Quiz 1: What is the first page you see when you log into the Kelvin UI, and why is it important?

Answer: The Assets page (Table View). It is your home base for monitoring all assets, acting on recommendations, and navigating to the rest of the platform. Every column, filter, and view you set up here is saved and remembered between sessions.

Quiz 2: What is the difference between a Setpoint and a Data Stream in the Manual Controls tab?

Answer: A Setpoint is a read/write data stream. You can send new values directly to the asset from the Manual Controls tab. A Data Stream in this context is read-only. You can see its current value but cannot write to it from here.

Quiz 3: What do the three tags on an Asset Map pin represent?

Answer: The top tag shows failed control changes (red if there are failures, white if clear). The middle tag shows pending recommendations (orange if there are any, green if none). The bottom tag shows the asset status: Online, Offline, or Unknown.

Quiz 4: What is the difference between Open Loop and Closed Loop for an application?

Answer: In Open Loop mode, the application sends recommendations but you must manually review and approve each one before any control change is made. In Closed Loop mode, recommendations are automatically accepted and the control changes are executed without your input.

Quiz 5: What are the three activity lane types in Data Explorer, and what does each one show?

Answer: Control Changes shows every write event sent to the asset, with status icons for success, pending, and failed. Recommendations shows when recommendations were created or acted on. Tags shows custom markers that you or your team have added to the timeline.

Quiz 6: How many assets can you compare side-by-side in the Data Explorer at the same time?

Answer: Up to four assets at the same time.
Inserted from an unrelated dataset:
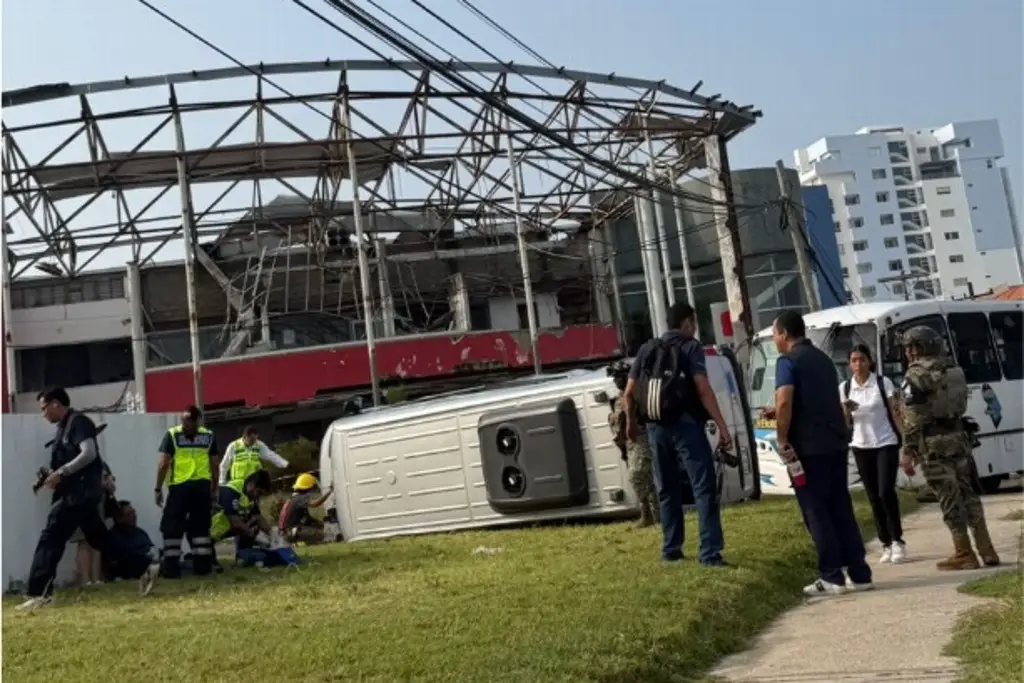 Imagen Camioneta iba a entrar al Hotel Mocambo y la impacta un camión boqueño; ¿qué paso con los pasajeros?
Quiz 7: What happens to your column configuration on the Assets page if you do not save it as a View?

Answer: Your changes are lost when you leave the page. You must save the layout as a View to keep it for future sessions.
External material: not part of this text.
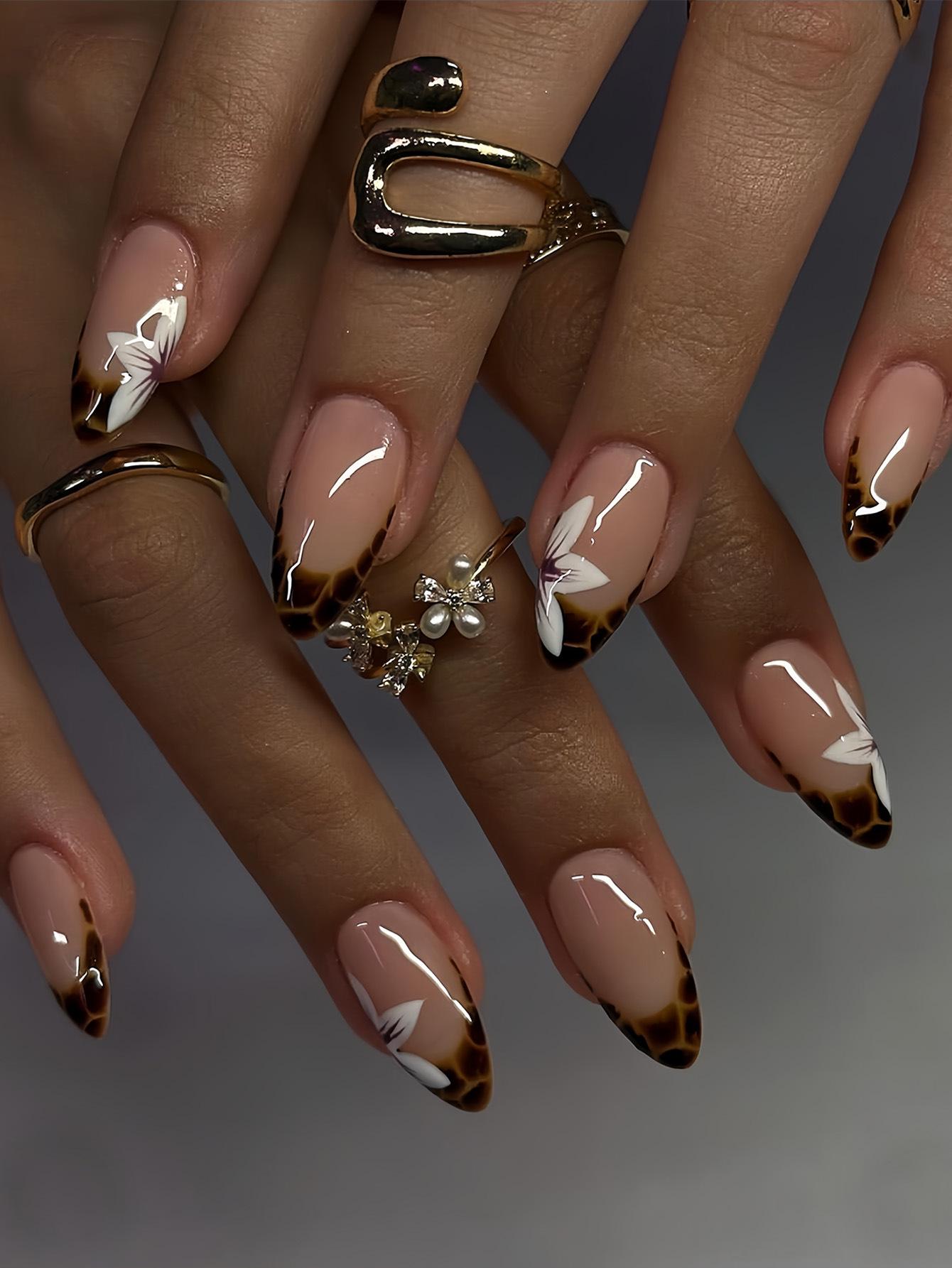 

Съемные короткие накладные ногти миндалевидной формы в европейском и американском стиле: Сладкий, Крутой Дизайн с Цветами и Леопардовым Принтом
Quiz 8: What are the six widget types available in the Control Panel tab?

Answer: App Parameters (current parameter values), Asset Properties (static asset metadata), Data Explorer (an embedded chart scoped to this asset), Kelvin Control Mode (a toggle between Open Loop and Closed Loop), Recommendations (current recommendations with optional filters), and Schedules (upcoming scheduled parameter changes).


Summary

You now have a complete map of the Operations area in the Kelvin UI. Every section has a clear purpose, and they connect to each other.
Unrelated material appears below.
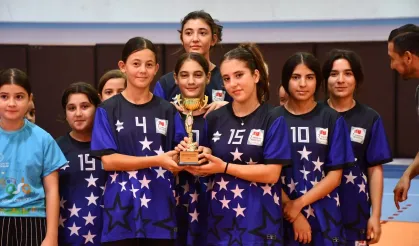 Antalya 75. Yıl Cumhuriyet Lisesi Birinci Oldu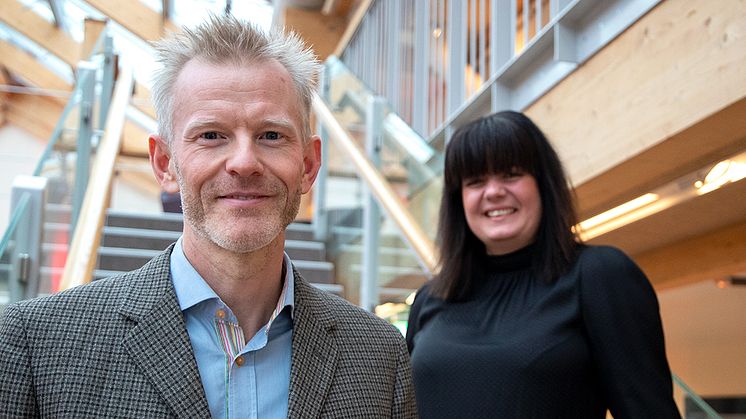 Magnus Viström, innovationschef på SCA och Regina Duymaz, inkubatorchef på BizMaker.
The key things to remember:

  • The Assets page is your home base — customizable, filterable, and persistent between sessions
  • Asset Details has three tabs: Control Panel (your personal dashboard), Manual Controls (live values and direct writes), and Applications (recommendations, parameters, and schedules)
  • The Asset Map shows your assets geographically with real-time status indicators and direct access to recommendations from the map
  • Applications is where you manage SmartApps™ across all your assets: adding assets, updating versions, and scheduling parameter changes
  • The Data Explorer combines time series data with control change, recommendation, and tag lanes for full operational context
  • You can export data, recommendations, control changes, or tags from Data Explorer to CSV at any time

For full documentation, visit:

Good luck and Happy Learning !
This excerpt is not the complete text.